Now, you make your money by selling master control and trafficking systems. How is it better for you to have one master control per market rather than five? You just knocked your potential market down from 1,200 units to 210.

That's the reality of the industry. The industry is seeing such a contraction whether it's because stations are being bought by other groups or because they're making a single purchasing decision. It would be naive of me as a business leader to not recognize the way that the industry needs to move so that we can actually avoid the fate of newspapers.

What we have done is we've created Verity. Verity is a truly integrated system that absolutely allows that first step towards hubbing. It also allows the groups that don't believe in the hubbing, or the outsource model, to still utilize technology effectively, remove heads, increase revenue and decrease costs. I call that the baby steps for our broadcasters.

But Verity is not the product if you do want to outsource master control, but want to retain traffic, because Verity is an integrated product combining traffic and master control.

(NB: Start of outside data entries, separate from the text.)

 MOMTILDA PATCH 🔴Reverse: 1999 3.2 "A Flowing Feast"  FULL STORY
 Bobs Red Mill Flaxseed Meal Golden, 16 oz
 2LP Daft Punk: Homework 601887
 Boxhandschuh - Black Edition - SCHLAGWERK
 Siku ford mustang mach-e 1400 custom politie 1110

No. Verity absolutely could be the product because it is not based on having all of the users or all of the servers in one location. It can be geographically distributed. In fact, I think it would be quite seamless for a station group that wants to use Verity on the traffic side to know with full confidence that their business rules are driving some of the decisions at the outsourced hub or that master control facility. So it absolutely plays in that model.

What most groups are doing is taking the first step, which is, how do I transform my existing operation today because I'm not prepared to shut down and move everybody to a single facility. There is going to be a staged approach that allows the broadcast work flows to quickly migrate into more efficient uses with technology and software systems. Verity is one of those things along that schedule. It's how do you get from point A to point B.

Then point C would be to outsource master control?

That's where the industry is going. It makes sense. If we look at what other industries have done, we see that they have outsourced the plumbing, the infrastructure, because that is not a competitive differentiator. What are differentiators are how is the news produced, how are those connections with local advertisers, how is that brand marketed within the community. Those are core. How the content gets to the consumer should be outsourced.